Exercise materials: Begin

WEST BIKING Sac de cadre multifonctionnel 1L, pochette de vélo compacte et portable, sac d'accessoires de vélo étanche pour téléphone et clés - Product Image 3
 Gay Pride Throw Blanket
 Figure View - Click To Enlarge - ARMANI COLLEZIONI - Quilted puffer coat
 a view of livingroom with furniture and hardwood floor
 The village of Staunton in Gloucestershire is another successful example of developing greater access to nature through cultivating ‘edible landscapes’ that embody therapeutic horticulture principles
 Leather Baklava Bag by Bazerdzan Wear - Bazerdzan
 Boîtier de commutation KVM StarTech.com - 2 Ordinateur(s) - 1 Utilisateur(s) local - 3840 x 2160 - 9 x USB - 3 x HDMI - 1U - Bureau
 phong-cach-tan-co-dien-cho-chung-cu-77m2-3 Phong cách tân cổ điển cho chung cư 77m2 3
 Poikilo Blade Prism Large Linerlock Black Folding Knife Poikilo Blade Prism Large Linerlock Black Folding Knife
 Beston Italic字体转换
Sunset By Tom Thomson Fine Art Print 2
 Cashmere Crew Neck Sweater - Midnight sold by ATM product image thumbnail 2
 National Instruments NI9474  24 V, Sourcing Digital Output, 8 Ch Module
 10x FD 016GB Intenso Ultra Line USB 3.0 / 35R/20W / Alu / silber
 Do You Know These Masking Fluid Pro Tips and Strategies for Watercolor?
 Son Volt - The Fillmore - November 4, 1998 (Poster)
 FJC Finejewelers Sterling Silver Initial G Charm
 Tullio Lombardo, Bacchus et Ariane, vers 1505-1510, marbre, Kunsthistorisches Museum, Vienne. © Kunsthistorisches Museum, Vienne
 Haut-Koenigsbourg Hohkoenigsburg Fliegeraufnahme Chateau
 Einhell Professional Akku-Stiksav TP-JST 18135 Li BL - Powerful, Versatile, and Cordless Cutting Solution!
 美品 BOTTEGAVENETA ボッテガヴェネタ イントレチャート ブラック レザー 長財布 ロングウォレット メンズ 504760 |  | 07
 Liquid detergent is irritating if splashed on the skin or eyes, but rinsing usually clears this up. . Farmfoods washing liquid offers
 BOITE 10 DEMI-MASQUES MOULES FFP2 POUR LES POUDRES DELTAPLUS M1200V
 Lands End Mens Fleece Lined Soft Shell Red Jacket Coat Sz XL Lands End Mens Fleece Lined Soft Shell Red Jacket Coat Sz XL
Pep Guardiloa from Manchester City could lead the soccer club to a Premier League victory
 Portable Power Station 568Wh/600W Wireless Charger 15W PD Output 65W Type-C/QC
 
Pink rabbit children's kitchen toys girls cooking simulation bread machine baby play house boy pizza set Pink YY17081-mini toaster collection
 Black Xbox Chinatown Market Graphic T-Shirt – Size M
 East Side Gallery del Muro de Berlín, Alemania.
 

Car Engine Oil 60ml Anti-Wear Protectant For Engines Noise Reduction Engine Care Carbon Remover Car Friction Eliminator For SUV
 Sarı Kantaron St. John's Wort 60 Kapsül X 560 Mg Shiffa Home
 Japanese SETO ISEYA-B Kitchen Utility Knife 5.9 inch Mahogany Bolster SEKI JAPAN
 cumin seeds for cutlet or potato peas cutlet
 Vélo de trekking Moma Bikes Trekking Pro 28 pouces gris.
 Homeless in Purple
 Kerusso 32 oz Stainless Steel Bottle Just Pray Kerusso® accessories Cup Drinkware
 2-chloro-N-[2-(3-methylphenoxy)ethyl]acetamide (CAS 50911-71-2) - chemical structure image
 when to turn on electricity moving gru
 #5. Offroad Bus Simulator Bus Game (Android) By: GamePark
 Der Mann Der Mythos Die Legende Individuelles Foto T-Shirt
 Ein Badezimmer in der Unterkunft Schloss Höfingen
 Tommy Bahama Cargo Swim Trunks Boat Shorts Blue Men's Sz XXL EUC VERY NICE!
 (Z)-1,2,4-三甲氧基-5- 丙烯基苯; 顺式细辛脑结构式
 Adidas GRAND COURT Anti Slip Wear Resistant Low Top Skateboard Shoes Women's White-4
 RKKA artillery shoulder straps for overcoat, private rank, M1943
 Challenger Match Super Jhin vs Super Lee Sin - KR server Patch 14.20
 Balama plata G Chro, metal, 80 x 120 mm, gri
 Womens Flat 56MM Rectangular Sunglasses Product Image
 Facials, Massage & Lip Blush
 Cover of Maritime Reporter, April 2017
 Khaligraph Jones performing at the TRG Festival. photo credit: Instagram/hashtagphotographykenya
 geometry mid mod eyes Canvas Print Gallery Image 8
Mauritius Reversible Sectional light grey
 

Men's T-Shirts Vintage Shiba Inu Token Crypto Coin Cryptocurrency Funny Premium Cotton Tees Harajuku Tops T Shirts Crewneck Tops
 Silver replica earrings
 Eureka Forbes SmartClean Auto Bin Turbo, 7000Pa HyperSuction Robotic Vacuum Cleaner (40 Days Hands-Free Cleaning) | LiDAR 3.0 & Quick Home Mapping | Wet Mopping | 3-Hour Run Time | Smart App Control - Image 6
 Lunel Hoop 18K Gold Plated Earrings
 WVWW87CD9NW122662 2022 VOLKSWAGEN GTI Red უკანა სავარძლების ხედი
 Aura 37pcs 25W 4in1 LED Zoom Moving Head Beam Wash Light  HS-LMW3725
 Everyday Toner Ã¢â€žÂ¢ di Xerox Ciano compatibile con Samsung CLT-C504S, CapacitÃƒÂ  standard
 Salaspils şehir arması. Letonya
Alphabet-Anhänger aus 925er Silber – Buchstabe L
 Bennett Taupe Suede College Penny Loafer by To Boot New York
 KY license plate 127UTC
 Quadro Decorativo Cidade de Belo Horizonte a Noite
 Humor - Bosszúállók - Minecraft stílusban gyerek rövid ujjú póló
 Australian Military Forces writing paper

Exercise materials: End

The task:
Copy the stretch of the records above that runs from the line with "Sunset By Tom Thomson Fine Art Print 2" through the line with "Tullio Lombardo, Bacchus". Both end lines belong in the copy, and nothing else does.

Written solution:
Sunset By Tom Thomson Fine Art Print 2
 Cashmere Crew Neck Sweater - Midnight sold by ATM product image thumbnail 2
 National Instruments NI9474  24 V, Sourcing Digital Output, 8 Ch Module
 10x FD 016GB Intenso Ultra Line USB 3.0 / 35R/20W / Alu / silber
 Do You Know These Masking Fluid Pro Tips and Strategies for Watercolor?
 Son Volt - The Fillmore - November 4, 1998 (Poster)
 FJC Finejewelers Sterling Silver Initial G Charm
 Tullio Lombardo, Bacchus et Ariane, vers 1505-1510, marbre, Kunsthistorisches Museum, Vienne. © Kunsthistorisches Museum, Vienne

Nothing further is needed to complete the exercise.